Consider the entries given below. Count the lines that include "Home" and give only the count.

(Short text fragments from websites)
************

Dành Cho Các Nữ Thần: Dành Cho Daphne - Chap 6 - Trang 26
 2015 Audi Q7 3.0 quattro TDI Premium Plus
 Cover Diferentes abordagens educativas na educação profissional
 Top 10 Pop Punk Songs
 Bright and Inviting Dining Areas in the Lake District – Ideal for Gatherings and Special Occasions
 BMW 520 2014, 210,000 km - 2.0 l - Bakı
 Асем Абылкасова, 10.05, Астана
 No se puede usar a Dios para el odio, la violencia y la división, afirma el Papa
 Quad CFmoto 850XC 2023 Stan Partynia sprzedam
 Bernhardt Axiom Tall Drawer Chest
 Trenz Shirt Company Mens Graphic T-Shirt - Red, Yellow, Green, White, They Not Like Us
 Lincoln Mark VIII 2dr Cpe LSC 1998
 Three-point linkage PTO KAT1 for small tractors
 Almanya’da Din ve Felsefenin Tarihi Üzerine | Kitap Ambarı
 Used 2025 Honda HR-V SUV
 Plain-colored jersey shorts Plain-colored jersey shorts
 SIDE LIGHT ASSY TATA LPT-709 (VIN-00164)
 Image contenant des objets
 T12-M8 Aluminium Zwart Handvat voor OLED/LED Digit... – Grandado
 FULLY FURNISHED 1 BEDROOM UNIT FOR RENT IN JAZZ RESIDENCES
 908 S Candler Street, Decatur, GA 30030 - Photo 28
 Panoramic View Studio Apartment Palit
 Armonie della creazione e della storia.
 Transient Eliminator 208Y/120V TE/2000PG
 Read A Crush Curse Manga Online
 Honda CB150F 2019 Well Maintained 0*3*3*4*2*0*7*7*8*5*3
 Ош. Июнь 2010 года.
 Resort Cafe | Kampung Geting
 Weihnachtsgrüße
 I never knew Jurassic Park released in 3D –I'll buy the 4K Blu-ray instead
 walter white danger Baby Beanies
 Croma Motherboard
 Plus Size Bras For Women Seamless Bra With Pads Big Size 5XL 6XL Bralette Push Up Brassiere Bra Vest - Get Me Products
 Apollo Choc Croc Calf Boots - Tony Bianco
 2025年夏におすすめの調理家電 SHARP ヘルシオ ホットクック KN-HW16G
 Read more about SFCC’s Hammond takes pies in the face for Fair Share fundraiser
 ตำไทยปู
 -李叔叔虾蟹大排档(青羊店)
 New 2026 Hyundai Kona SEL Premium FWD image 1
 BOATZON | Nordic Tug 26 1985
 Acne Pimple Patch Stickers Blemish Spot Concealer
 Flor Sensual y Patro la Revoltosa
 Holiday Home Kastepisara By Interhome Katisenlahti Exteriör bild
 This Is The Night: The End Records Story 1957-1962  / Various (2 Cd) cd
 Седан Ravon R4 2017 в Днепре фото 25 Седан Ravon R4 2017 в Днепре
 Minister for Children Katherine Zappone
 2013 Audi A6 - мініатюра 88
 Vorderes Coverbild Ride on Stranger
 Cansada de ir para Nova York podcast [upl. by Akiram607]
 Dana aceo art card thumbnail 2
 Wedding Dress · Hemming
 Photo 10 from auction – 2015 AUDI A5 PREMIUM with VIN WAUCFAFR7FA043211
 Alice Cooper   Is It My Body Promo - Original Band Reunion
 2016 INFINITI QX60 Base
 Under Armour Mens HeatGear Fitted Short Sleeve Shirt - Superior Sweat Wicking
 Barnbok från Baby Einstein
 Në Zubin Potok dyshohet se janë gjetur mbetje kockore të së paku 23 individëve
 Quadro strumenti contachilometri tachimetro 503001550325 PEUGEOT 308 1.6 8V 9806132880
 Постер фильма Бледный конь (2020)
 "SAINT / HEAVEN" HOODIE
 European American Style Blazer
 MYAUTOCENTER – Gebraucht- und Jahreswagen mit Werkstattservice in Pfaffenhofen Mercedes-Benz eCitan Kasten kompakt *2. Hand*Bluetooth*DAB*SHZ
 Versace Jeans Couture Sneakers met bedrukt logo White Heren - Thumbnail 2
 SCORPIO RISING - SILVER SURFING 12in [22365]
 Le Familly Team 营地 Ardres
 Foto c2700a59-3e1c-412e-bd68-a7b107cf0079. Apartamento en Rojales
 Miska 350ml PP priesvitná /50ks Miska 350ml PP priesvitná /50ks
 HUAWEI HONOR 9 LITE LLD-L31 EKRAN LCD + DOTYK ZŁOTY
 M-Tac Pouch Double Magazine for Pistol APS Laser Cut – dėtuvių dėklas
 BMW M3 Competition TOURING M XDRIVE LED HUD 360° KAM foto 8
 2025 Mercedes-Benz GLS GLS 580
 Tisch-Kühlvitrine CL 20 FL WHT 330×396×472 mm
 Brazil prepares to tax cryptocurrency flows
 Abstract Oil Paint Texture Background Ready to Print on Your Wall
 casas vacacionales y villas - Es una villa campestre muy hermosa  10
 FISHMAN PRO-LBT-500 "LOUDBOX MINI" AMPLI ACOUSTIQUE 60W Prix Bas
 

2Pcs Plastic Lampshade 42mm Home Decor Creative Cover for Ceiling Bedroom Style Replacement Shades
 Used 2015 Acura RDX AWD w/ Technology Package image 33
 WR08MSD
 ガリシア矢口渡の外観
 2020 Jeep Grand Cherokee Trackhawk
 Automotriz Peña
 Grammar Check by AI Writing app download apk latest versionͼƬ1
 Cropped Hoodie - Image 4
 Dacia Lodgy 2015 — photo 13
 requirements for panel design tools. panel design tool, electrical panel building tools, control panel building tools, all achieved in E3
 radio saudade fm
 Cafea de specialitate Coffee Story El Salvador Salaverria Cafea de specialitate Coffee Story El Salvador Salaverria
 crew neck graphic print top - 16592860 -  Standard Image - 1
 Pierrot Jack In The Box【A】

************

* SOLUTION BELOW:
2